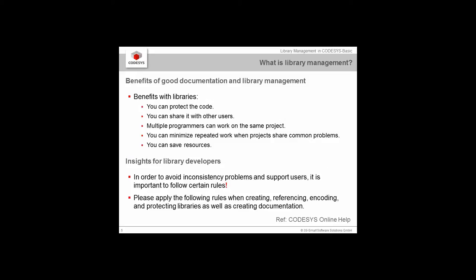What are the benefits for good documentation and library management? This is a perfect way of protecting your code. It's easy to share with other users. You can have multiple programmers working on the same project, sharing information and minimizing repeated work. Through proper documentation, you save resources and don't have to do the same thing twice.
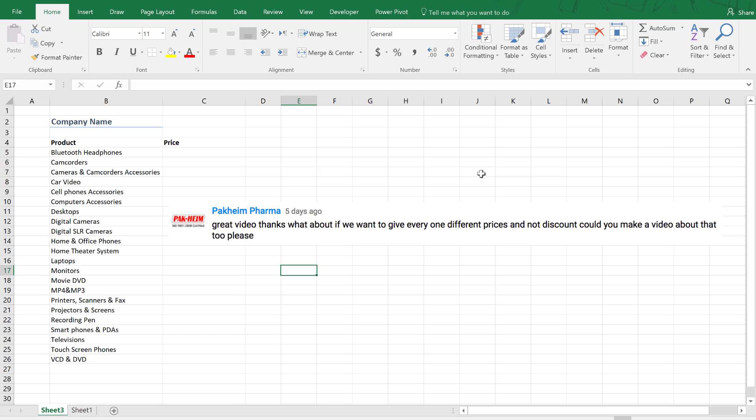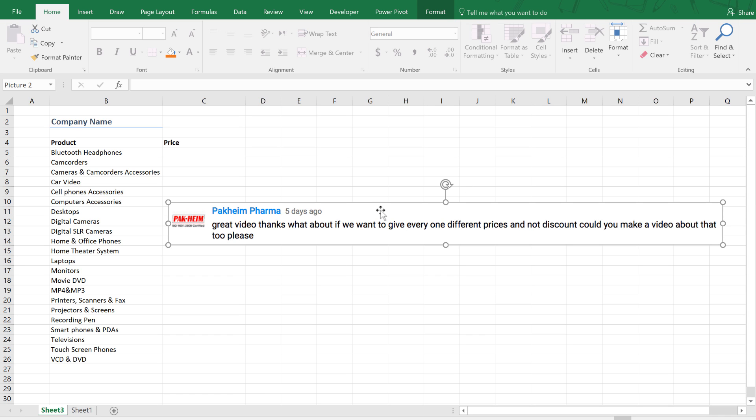Hello and welcome to my channel, my name is Abdal El Kamil. Today's video answers a question from Hakeem Parma, whose comment was on an earlier video where we explained how to apply a discount for a certain price list for different customers. His question was: what if we want to give everyone different prices — not discounts — so the price switches whenever you choose a different customer? That's what we're going to do in this video.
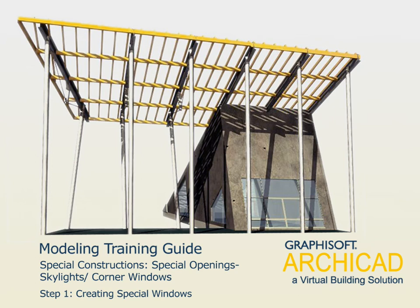Chapter 7: Special Constructions - Special Openings, Skylights, Corner Windows. Step 1: Creating Special Windows.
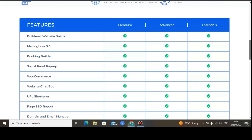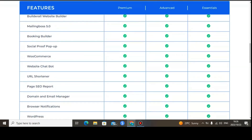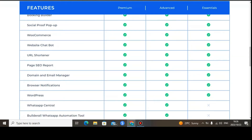The booking builder is available on all packages. Social proof pop-up is available on all packages. The ecommerce tool is available on all packages. Web chatbot is available on all packages. The URL shortener is available on all packages — this is a good alternative to ClickMagic, which costs around $37 per month. Page SEO reports are also available on all packages.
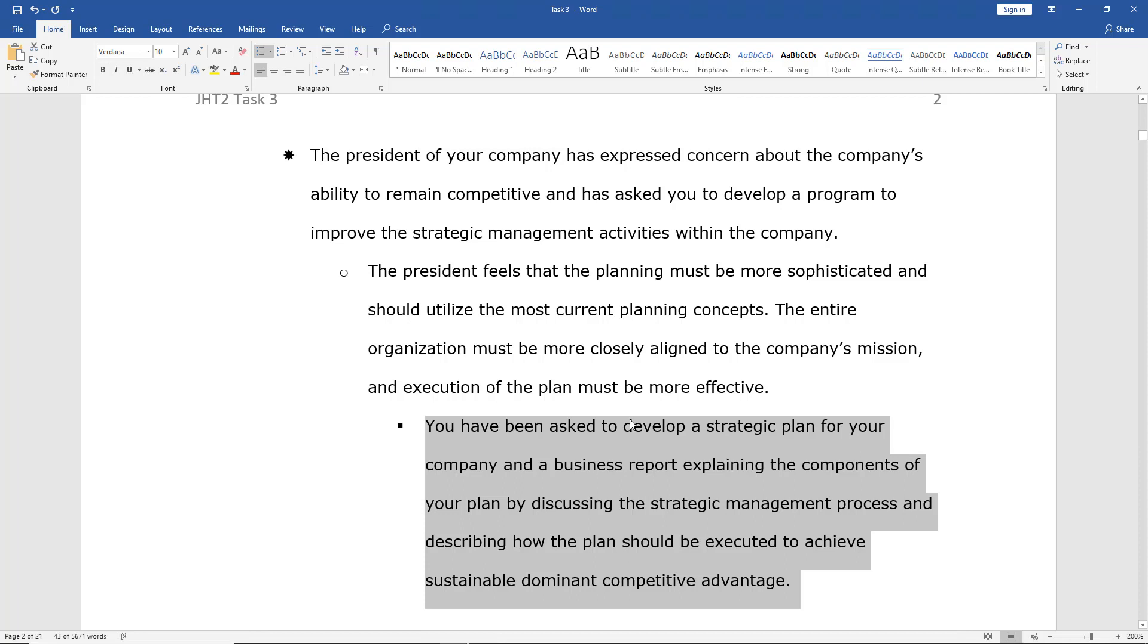So there's lots of different options using bullets. We can create custom ones. We can use default ones. And we can create multi-levels. And that's all in Word 2019.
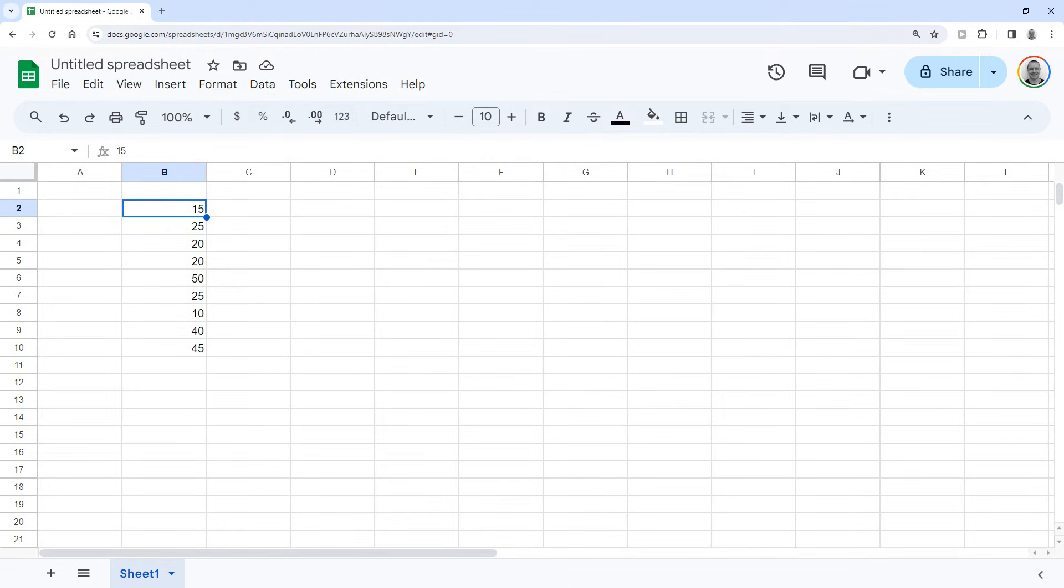Hey, here's how to find and highlight the highest or lowest value in a column in Google Sheets.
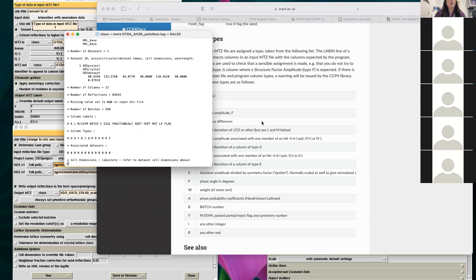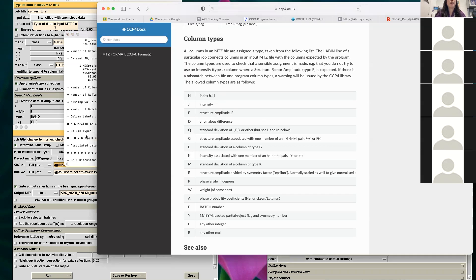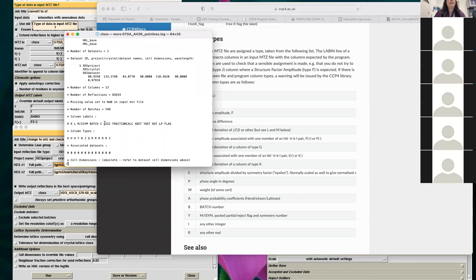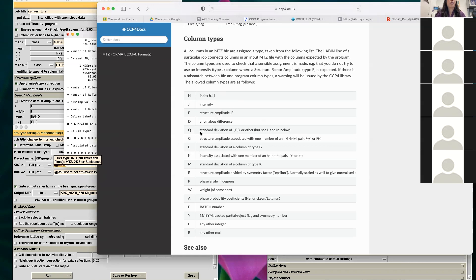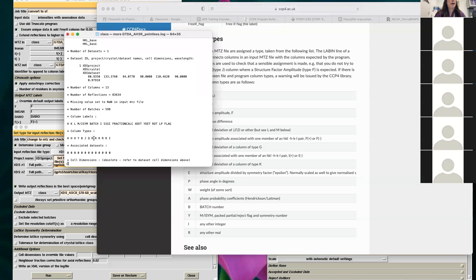Column type J is intensity — I, your intensity. Then SIGI, column type Q, is your standard deviation — how much error is in your intensity, or how significant is it. The R types are just real numbers — extra information XDS sends along that you don't have to keep. We'll talk about how you can manipulate MTZ files to retain the information you want and carry it from step to step.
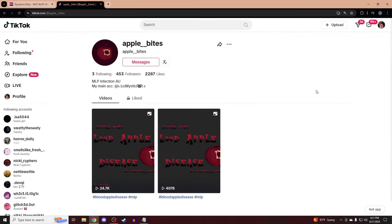What is up everypony? Welcome back to the channel. Welcome to AU Friday.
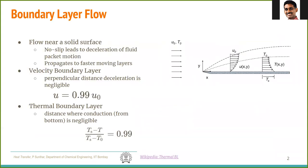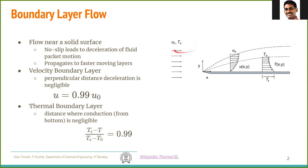First, let's recall boundary layers. A boundary layer is a flow near a solid surface. Very close to the wall, you have the no-slip boundary condition, and the velocity of the fluid is zero. Far away, the velocity assumes the free stream velocity — in this case, it is u0.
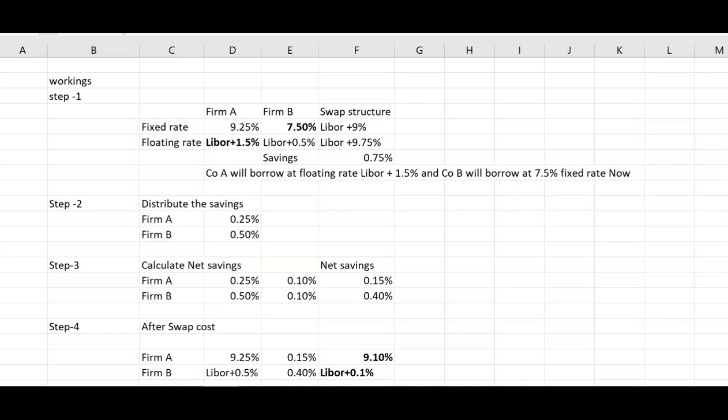Remember the rule: after-swap cost will be exactly opposite to step one. If a company borrowed at floating in step one, its after-swap cost will be at fixed rate — but remember to deduct the saving from that cost because the swap lowers your borrowing cost. That's how you solve a plain vanilla interest rate swap. For practice, you can attempt past exam paper questions on Cachy Company and CMC. Thank you so much guys.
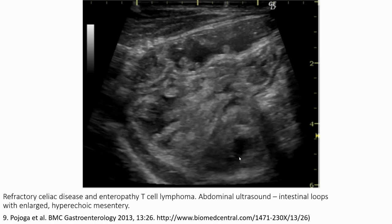The last case is refractory celiac disease with T-cell lymphoma. The ultrasound shows an intestinal loop with enlarged lumen and hyperechoic mesenteric fat. Thank you.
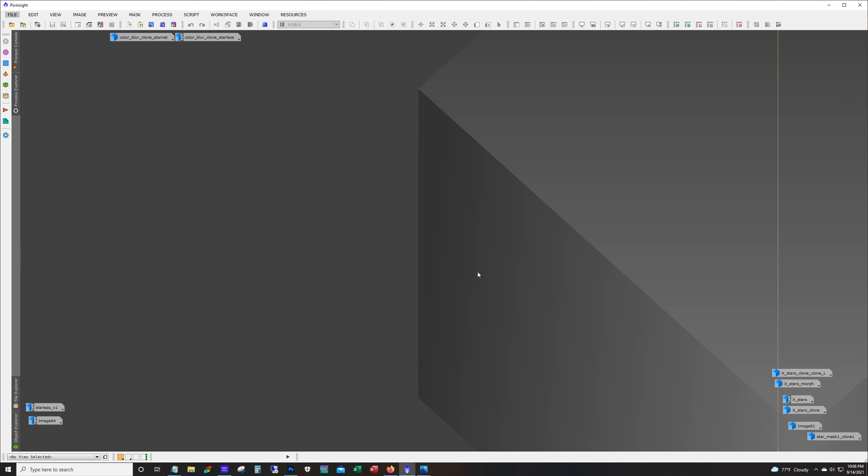Hello and welcome to the DSO Imager channel. My name is James and tonight I'm going to give you a quick look at a new plugin for Photoshop that removes stars from images.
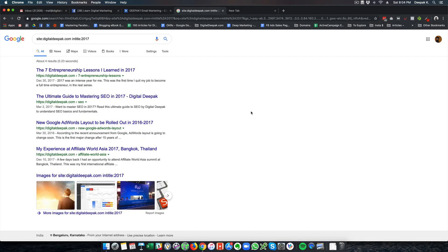Hey, this is Deepak here from DigitalDeepak.com. In this video, I want to give you a small SEO tip which I learned recently.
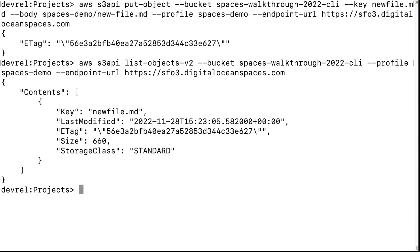To download the file, we use 'get-object' using the bucket name, file name, profile, and endpoint URL.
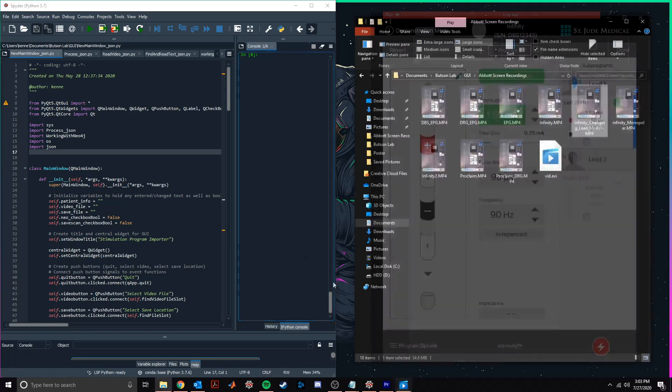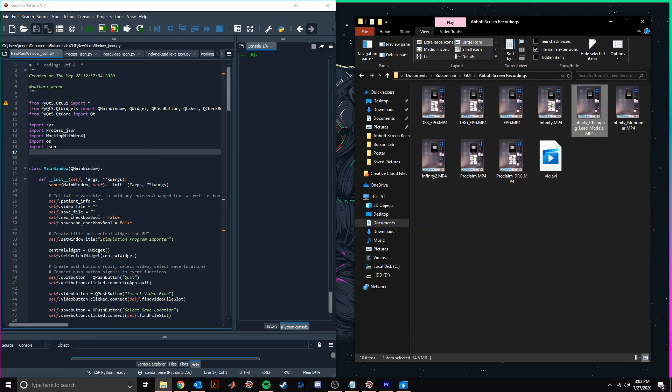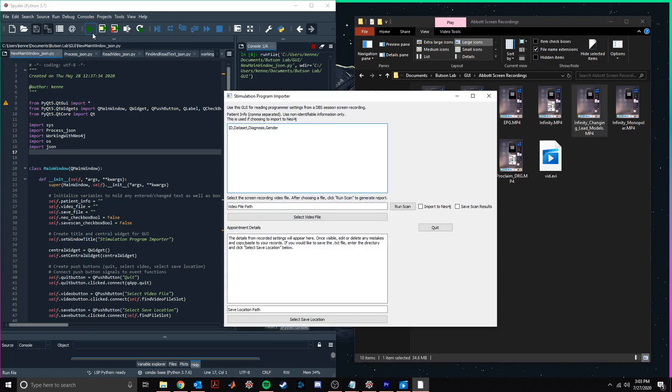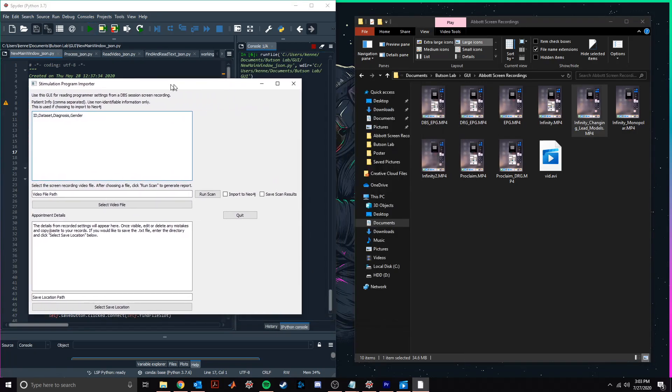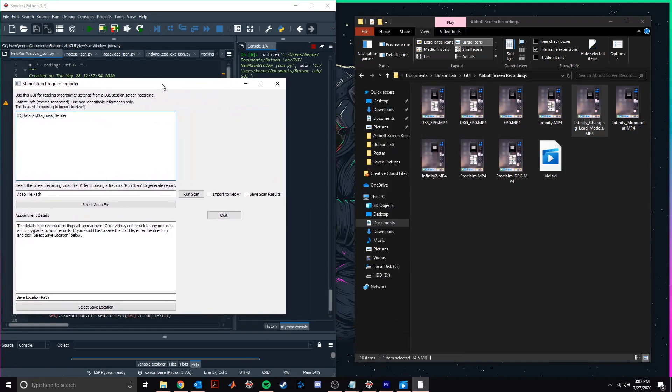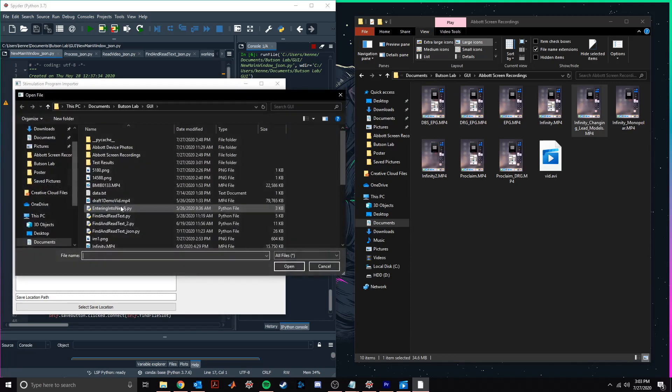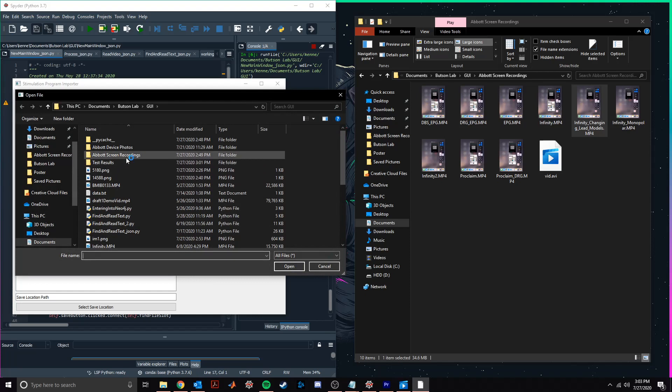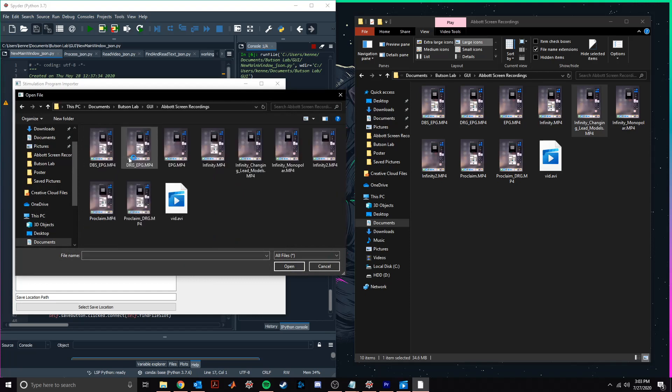Now that you have an idea of what settings can be changed throughout a device programming session, we'll run our device reader software. Upon running the script, a user interface is generated where we can change some software settings. First, we'll choose the screen recording that we want to read settings from.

# # # #

Copy the listing exactly. No images belong in the copy.

What are the benefits for good documentation and library management? This is a perfect way of protecting your code. It's easy to share with other users. You can have multiple programmers working on the same project, sharing information and minimizing repeated work. Through proper documentation, you save resources and don't have to do the same thing twice.
Hello and welcome to my channel, my name is Abdal El Kamil. Today's video answers a question from Hakeem Parma, whose comment was on an earlier video where we explained how to apply a discount for a certain price list for different customers. His question was: what if we want to give everyone different prices — not discounts — so the price switches whenever you choose a different customer? That's what we're going to do in this video.
Chapter 7: Special Constructions - Special Openings, Skylights, Corner Windows. Step 1: Creating Special Windows.
The booking builder is available on all packages. Social proof pop-up is available on all packages. The ecommerce tool is available on all packages. Web chatbot is available on all packages. The URL shortener is available on all packages — this is a good alternative to ClickMagic, which costs around $37 per month. Page SEO reports are also available on all packages.
So there's lots of different options using bullets. We can create custom ones. We can use default ones. And we can create multi-levels. And that's all in Word 2019.
Hey, here's how to find and highlight the highest or lowest value in a column in Google Sheets.
Column type J is intensity — I, your intensity. Then SIGI, column type Q, is your standard deviation — how much error is in your intensity, or how significant is it. The R types are just real numbers — extra information XDS sends along that you don't have to keep. We'll talk about how you can manipulate MTZ files to retain the information you want and carry it from step to step.
What is up everypony? Welcome back to the channel. Welcome to AU Friday.
First, let's recall boundary layers. A boundary layer is a flow near a solid surface. Very close to the wall, you have the no-slip boundary condition, and the velocity of the fluid is zero. Far away, the velocity assumes the free stream velocity — in this case, it is u0.
Remember the rule: after-swap cost will be exactly opposite to step one. If a company borrowed at floating in step one, its after-swap cost will be at fixed rate — but remember to deduct the saving from that cost because the swap lowers your borrowing cost. That's how you solve a plain vanilla interest rate swap. For practice, you can attempt past exam paper questions on Cachy Company and CMC. Thank you so much guys.
The last case is refractory celiac disease with T-cell lymphoma. The ultrasound shows an intestinal loop with enlarged lumen and hyperechoic mesenteric fat. Thank you.
Hello and welcome to the DSO Imager channel. My name is James and tonight I'm going to give you a quick look at a new plugin for Photoshop that removes stars from images.
Hey, this is Deepak here from DigitalDeepak.com. In this video, I want to give you a small SEO tip which I learned recently.
To download the file, we use 'get-object' using the bucket name, file name, profile, and endpoint URL.
Now that you have an idea of what settings can be changed throughout a device programming session, we'll run our device reader software. Upon running the script, a user interface is generated where we can change some software settings. First, we'll choose the screen recording that we want to read settings from.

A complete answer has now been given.